How it was found: pg_policies showed the policy's USING expression was `true`;
probing AS app_user with `app.tenant_id` set revealed rows from other tenants.
The fix: replace the broad policy with a tenant-scoped one:
DROP POLICY tenant_orders_policy ON tenant_orders;
CREATE POLICY tenant_orders_policy ON tenant_orders FOR SELECT TO app_user
USING (tenant_id = current_setting('app.tenant_id', true));
Lesson: RLS must be verified as the application role with its tenant context — a
superuser or the table owner bypasses RLS, so an admin check is misleading. A policy
that's too broad leaks across tenants; too narrow hides a tenant's own rows. Don't
"fix" visibility by disabling RLS or granting superuser — that removes the control
entirely.
INVESTIGATION HINTS (the staged path to diagnose and fix)
1. tenant_orders has RLS enabled, but tenants can see each other's rows.
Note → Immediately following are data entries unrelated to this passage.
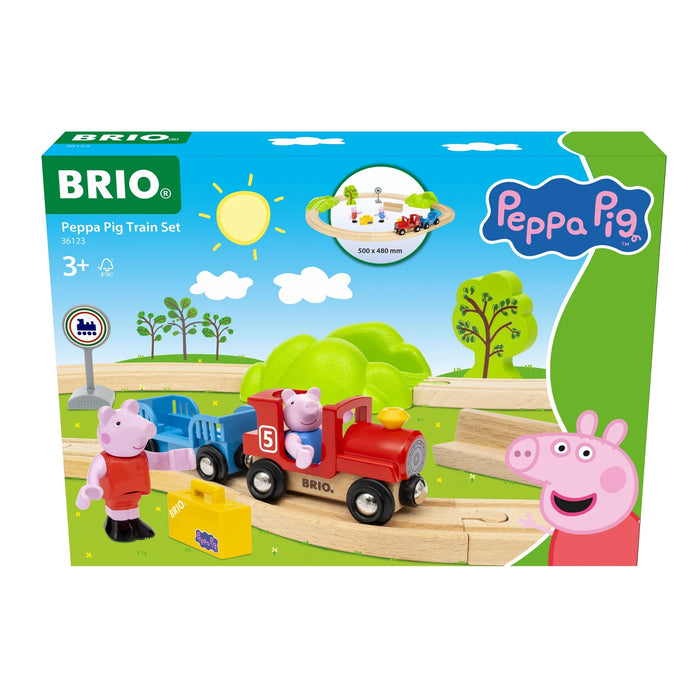 18pc Peppa Pig Train Set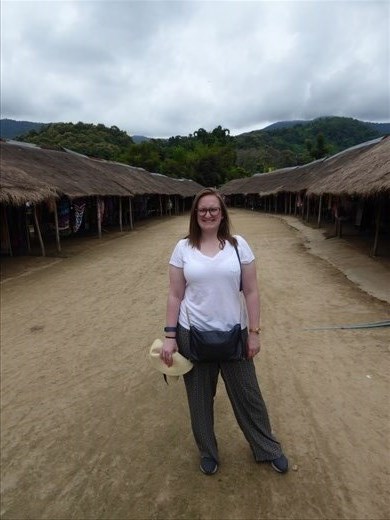Ania at the Karen Long Neck Village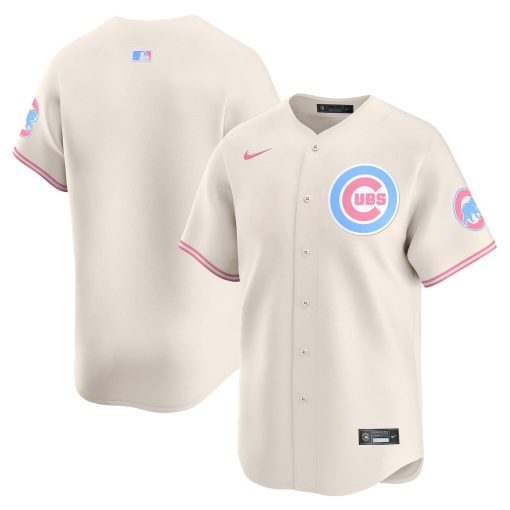 Unisex Chicago Cubs Bubblegum WHITE Vapor Premier Limited Jersey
Inspect the policy: SELECT * FROM pg_policies WHERE tablename = 'tenant_orders'; — the USING expression is `true`, which lets the app role read everything.
2. Test RLS as the application role, not as admin: a superuser (and the table owner) BYPASSES row-level security, so an admin SELECT is misleading. The policy must scope rows to the tenant via current_setting('app.tenant_id').
3. Replace the broad policy: DROP POLICY tenant_orders_policy ON tenant_orders; then CREATE POLICY ... FOR SELECT TO app_user USING (tenant_id = current_setting('app.tenant_id', true)); Don't disable RLS, and don't grant superuser.